Today, the animated GIF is 26 years young. And although its existence precedes the Internet, we find ourselves in the midst of an animated GIF renaissance: the GIF is as ubiquitous as the hyperlink or JPEG image. But if the GIF is an out of date vestige of the early Internet, why is it so interesting to contemporary audiences?   Nostalgia for the 90’s cannot alone explain its popularity.

Dinosaur

The GIF’s novelty persists by the virtue of its deficiency. Because the GIF was invented for small bandwidth networks, it cannot accurately render color or smooth shapes. This produces an image that is heavily pixelated and brightly saturated. This condensation of representation reveals the picture’s condition of being, and this revelation of its image-ness breaks our suspension of disbelief in the reality and objectivity of the image. These glitches constantly remind us of the act of looking itself. Like the fulcrum of the Zoetrope or the Kinetoscope’s viewfinder, the glitch points our awareness towards the mechanics of the apparatus: the screen and its ability to feign motion. It is the technology, not the image that serves as proxy for the act of perception itself (hence the impulse to name a genre “philosophical toys”). This simulated condition between the still and the moving, along with the technology that makes it possible, is the source of fascination with the GIF.

 

In relation to the presentation of “that which fascinates”, the GIF bears historical similarities to the technologies of early cinema in that it is an exhibition format arising concurrently with new technological innovations – digital computing and mechanical reproduction respectively – which because of their newness are seen as novel and interesting in and of themselves. Tom Gunning holds that early cinema operated as “a way of presenting a series of views to an audience, fascinating because of their illusory power (whether the realistic illusion of motion offered to the first audiences by Lumiere, or the magical illusion concocted by Melies), and exoticism.”

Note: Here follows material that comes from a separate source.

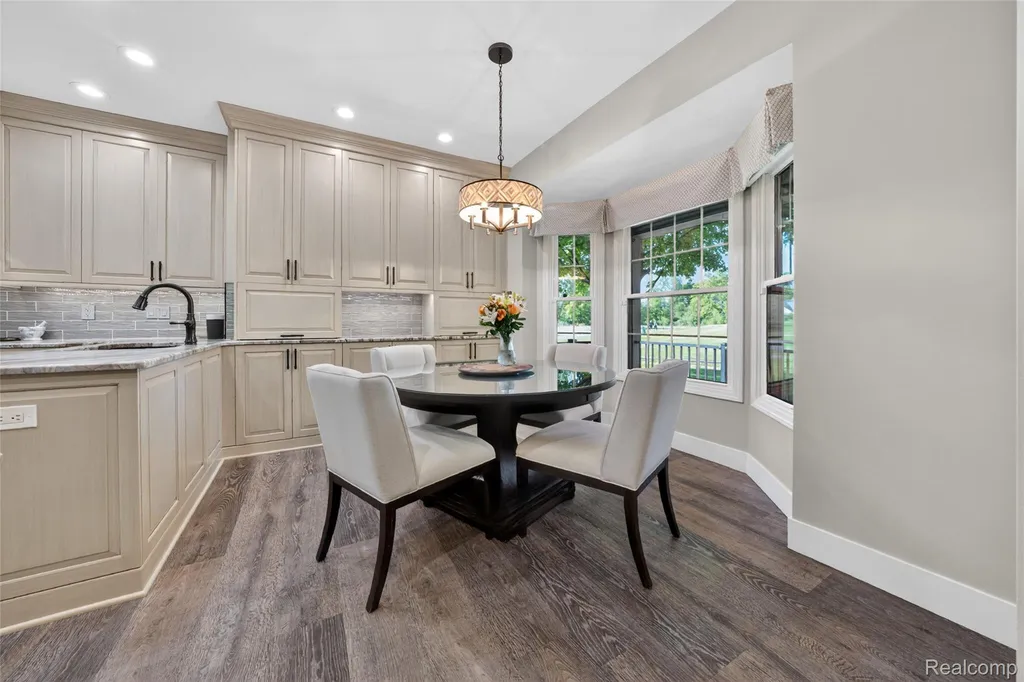 156 Sandhills Lane Lake Orion Village MI 48362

Rather then existing in service of the narrative or indulging in blind voyeurism:

 

“This is an exhibitionist cinema…. the recurring look at the camera by actors. This action, which is later perceived as spoiling the realistic illusion of the cinema, is here undertaken with brio, establishing contact with the audience. From comedians smirking at the camera, to the constant bowing and gesturing of the conjurors in magic films, this is a cinema that displays its visibility, willing to rupture a self enclosed fictional work for a chance to solicit the attention of the spectator (Gunning 57).”

 

Gunning goes on to describe “the early showmen exhibitors exerted a great deal of control over the shows they presented, actually re-editing the films they had purchased…” This remixing privileges the exhibitor over the producer and echoes the power that the blogger of today yields over mass media. The blogger appropriates scenes from pop culture to present the viewer something akin to a joke or trick. But, unlike the early cinematic innovations of the Lumiere’s Bro’s in France or the Edison Company, the GIF is not the product of well financed venture capitalists, but rather the product of the amateur.

 

Increasingly, the craft and production processes supporting analogue film use are being seen as antiquated and inefficient. Thirty-five millimeter film has been discontinued as the industry standard for theatrical projection and a host of technological changes are reshaping the way consumers experience the cinema. The boosters of virtual space have the tendency to dichotomize this transition from the analogue to the digital, focusing on grand narratives of progress and teleological views of innovations. This focus is on how the mediums of analogue photography and digital photography are different rather then how they are similar.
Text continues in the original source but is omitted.